Next post will be about Matisse. ah lovely.
October 10, 2016
One of my present challenges with painting is to distil some basic elements out of a crowded composition.
I don’t like to set up still lifes these days, they strike me as too formal. So when certain aspects of our messy kitchen counter caught my eye, I took a picture and decided to work with it purely as a starting point. This first piece above wasn’t entirely to my satisfaction composition wise, but I liked that I was able to break out of slavishly following the actual photo.
Later, I revisited this set up from another angle. This time I used a specific underpainting which was a previous failed work. Last post I talked about using some of my oil pastel drawings as models to kick start my painting. Take a look at the lower left panel of this piece below.
I decided to enlarge that as a separate painting. It didn’t have enough design elements to hold interest, but it made a great underpainting for the next still life I did.
I let the composition and colours of the underpainting lead my decisions in this still life. Finally, my two ways of working seem to be coming together- the realistic, and the freer, fantasy approach. I need the everyday objects to anchor and engage my attention. But I also need the room to be able to play with colour and light. I also enjoy the freedom of not having to explain everything. Areas are left out of focus and a little mysterious.
That’s why I feel that the approach to painting which speaks most to me is as poetry. Distilling the essence of something without explaining the magic away.
A lot of realistic painting bores me because of the intellectual approach. Just imitating the likeness of something even if technically well done isn’t necessarily art. As either viewer or maker, it doesn’t bring me anywhere new, it doesn’t open any doors in my heart or soul.

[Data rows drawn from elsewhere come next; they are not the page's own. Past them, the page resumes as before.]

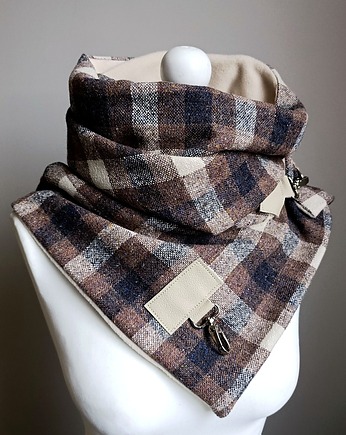 Szal, Komin, chusta - Krata - beżowy, brązowy i czarny, Green Sheep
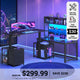 SEDETA 94.5 Inch Reversible Height Adjustable Desk with CPU Stand and Storage Shelves L Shaped Standing Gaming Desk with 3 Drawers LED Light Storage Bag Corner Desk with Power Outlet and Display Cubbies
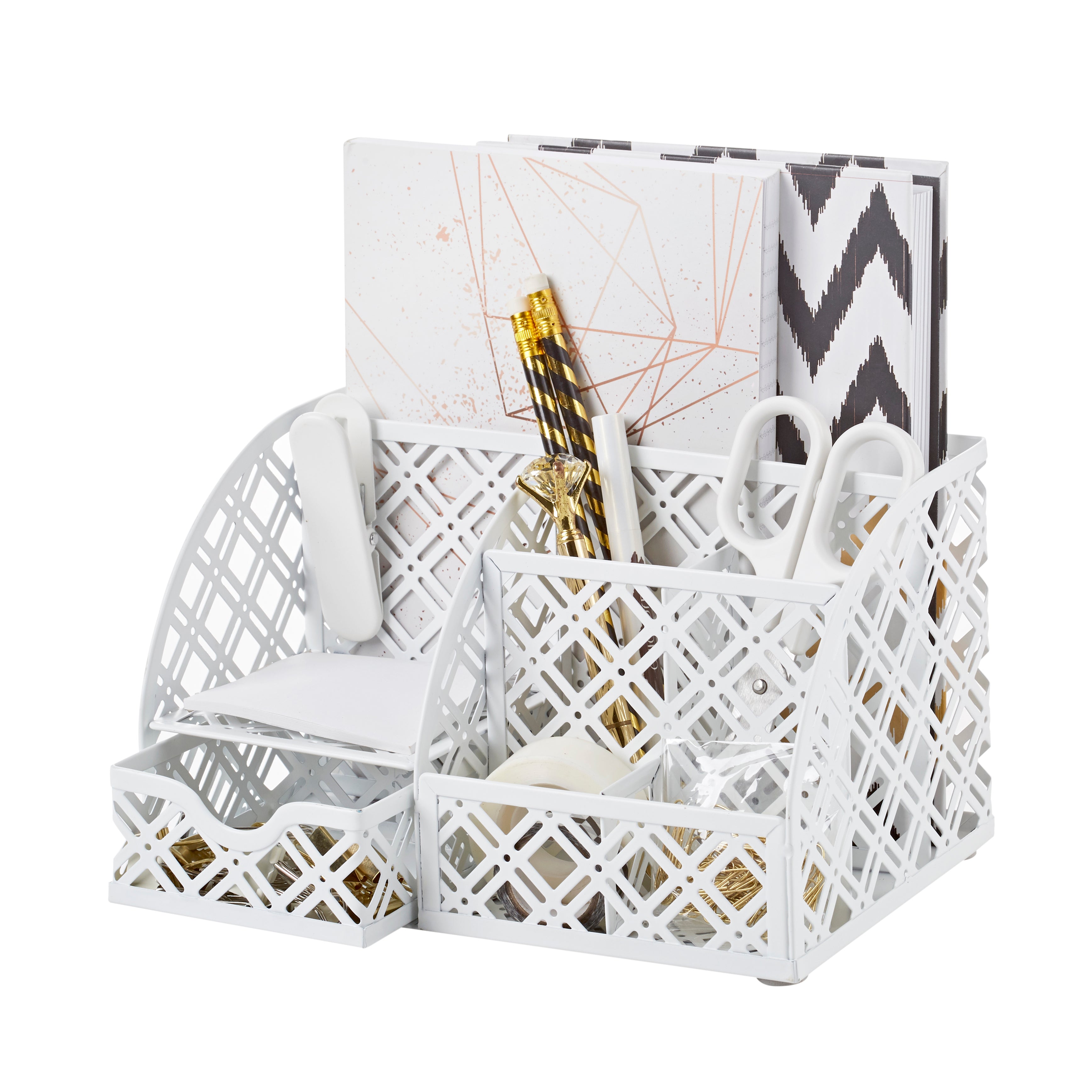 EXERZ Mesh Metal Desk Organiser – 7 Compartments, Multifunctional
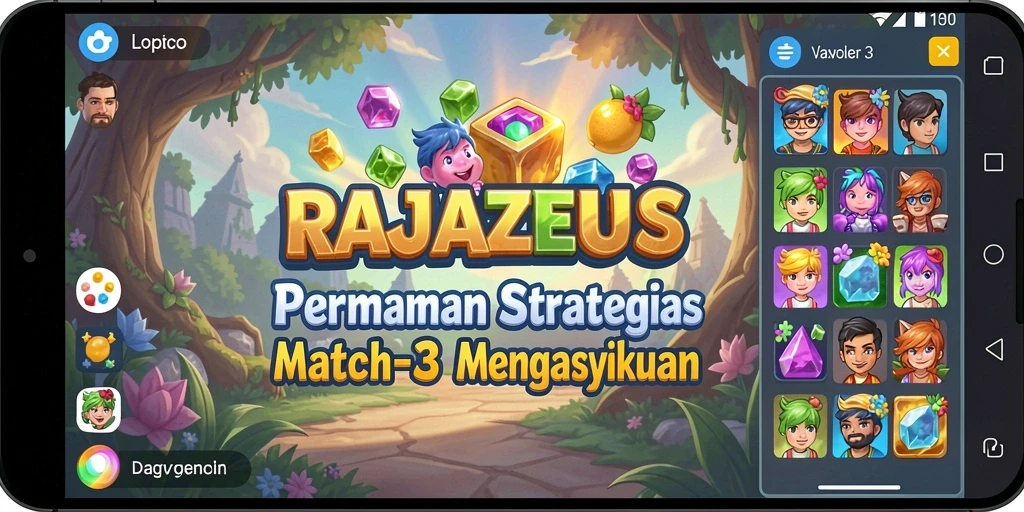 Tangkapan layar utama RAJAZEUS menampilkan momen seru dalam gameplay Match-3.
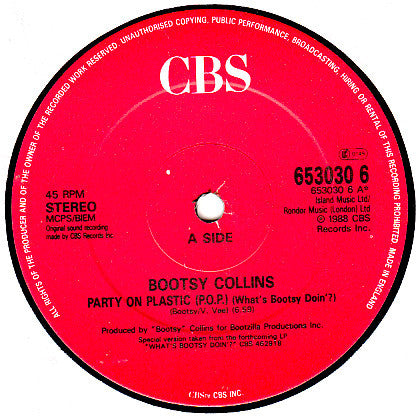 Bootsy Collins : Party On Plastic (12", Single)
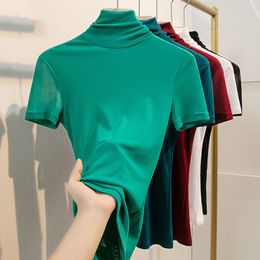 Women Clothing Short Sleeve Turtleneck Women's Tshirt Solid Colour Mesh Woman Top Summer Tops For Girls 230301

Here is a merged photo of the still life over the under painting.
More in this series coming soon.
October 1, 2016
It has been a challenging summer dealing with various health issues. But now I have energy again to share some of my life with anyone interested.
Making artwork has never really stopped. Some weeks after the op, I was already painting a copy of a Matisse stillife. Spring inspired me to paint trees, then I got sick in June and things ground to a halt for awhile. Around that time I started sewing a quilt by hand, having bought 2 packs of beautiful Tilda cotton squares on sale. I liked the slow pace and the kind of mindless precise work.
Fall brought new inspiration. My last post had been in June and, with the onion paintings, I had broken through to a new way of working, .
It was kind of intimidating to try and pick that up again, I’d tried and failed a few times. So I decided to ease into painting again by doing something familiar. I feel most comfortable working in defined areas, like patchwork really. My oil pastel drawings tend to begin as grids, so I chose a few of my favourites and began copying them in acrylics.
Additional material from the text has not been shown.